*Try it*
The entries that follow include a run beginning at the line with "Custom Prism Bong" and ending at the line with "Аренда генератора в Киеве- фото № 2"; restate that run word for word and leave the rest out.

*Source records*
++++++
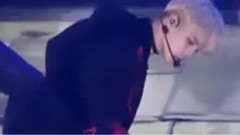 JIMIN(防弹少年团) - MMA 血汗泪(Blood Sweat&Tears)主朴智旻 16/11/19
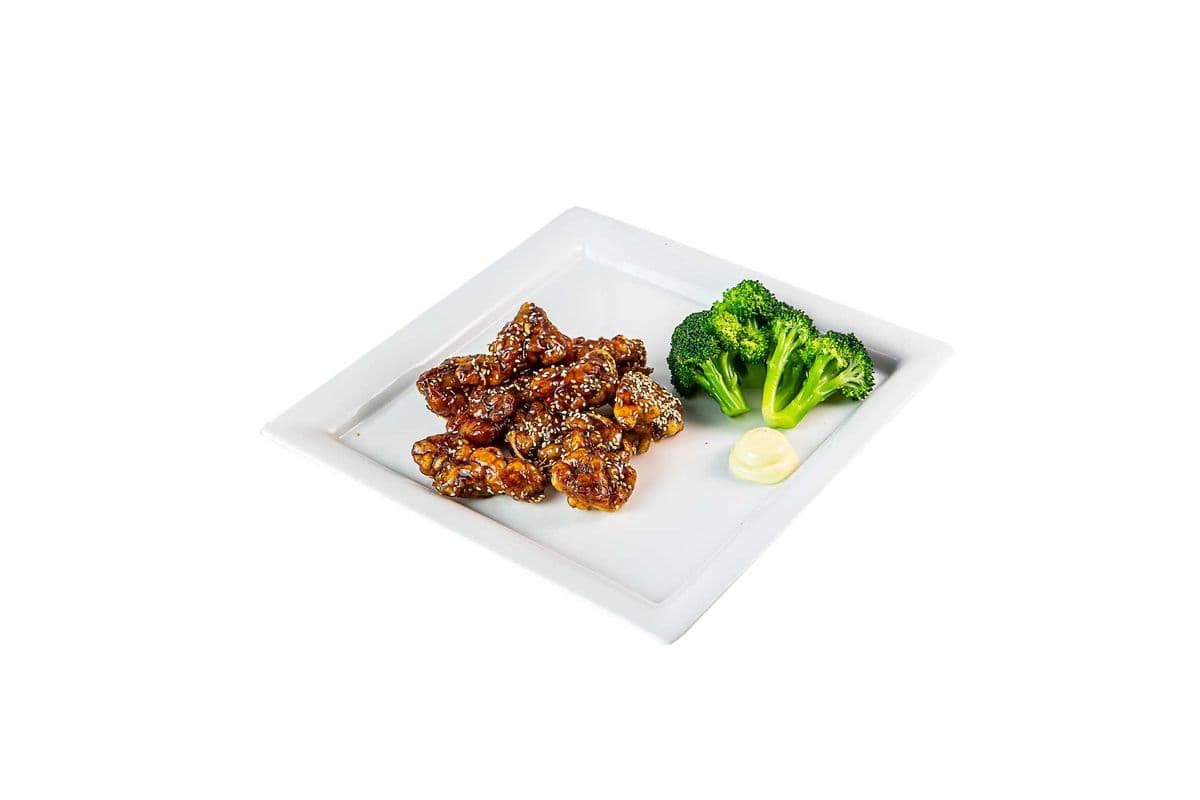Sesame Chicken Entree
++++++
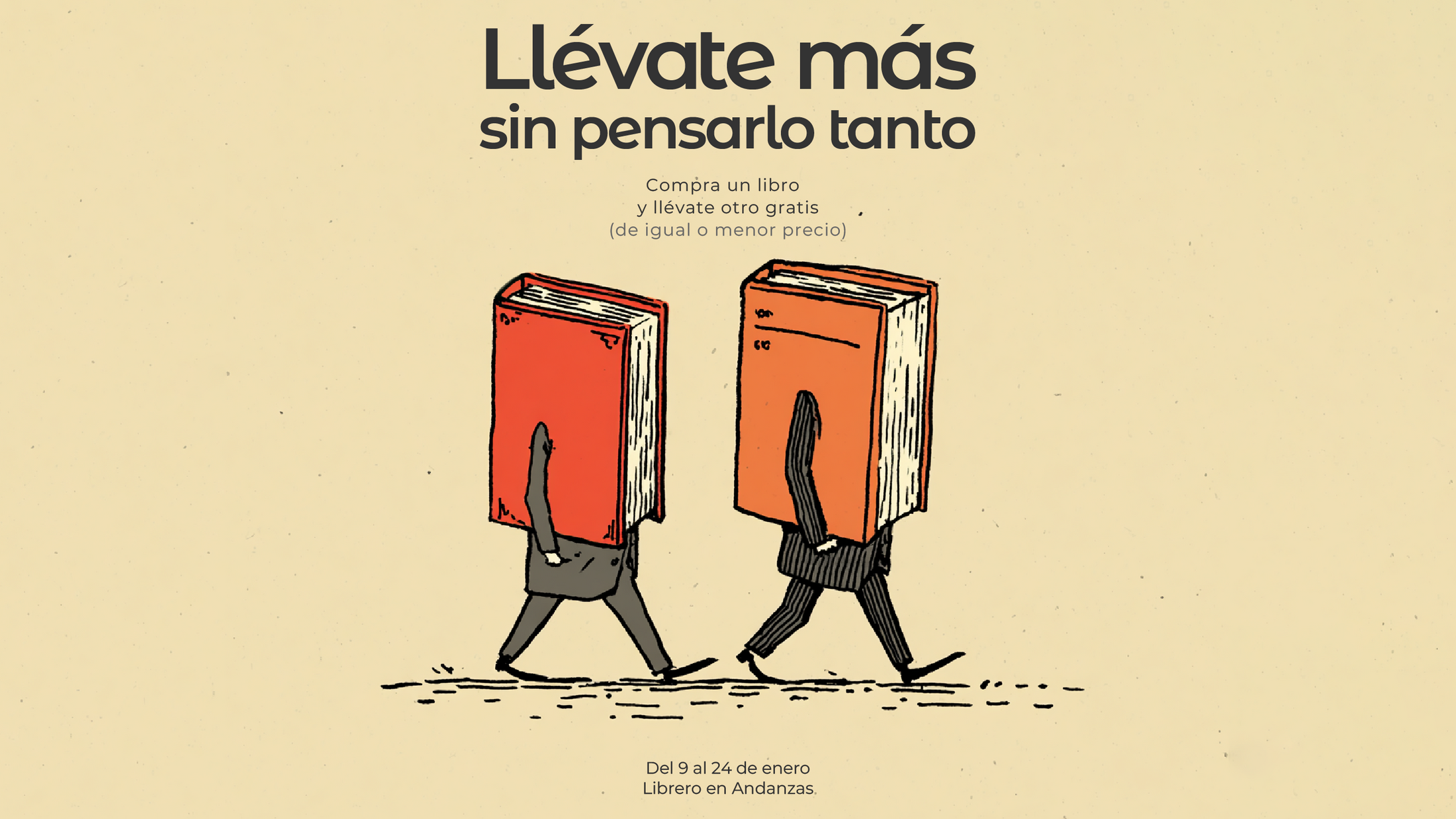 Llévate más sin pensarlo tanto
++++++
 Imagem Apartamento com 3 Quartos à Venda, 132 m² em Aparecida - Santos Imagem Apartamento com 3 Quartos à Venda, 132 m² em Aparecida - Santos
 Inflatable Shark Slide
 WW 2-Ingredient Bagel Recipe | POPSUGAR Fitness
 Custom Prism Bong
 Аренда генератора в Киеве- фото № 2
++++++
*Output of the task*
 Custom Prism Bong
 Аренда генератора в Киеве- фото № 2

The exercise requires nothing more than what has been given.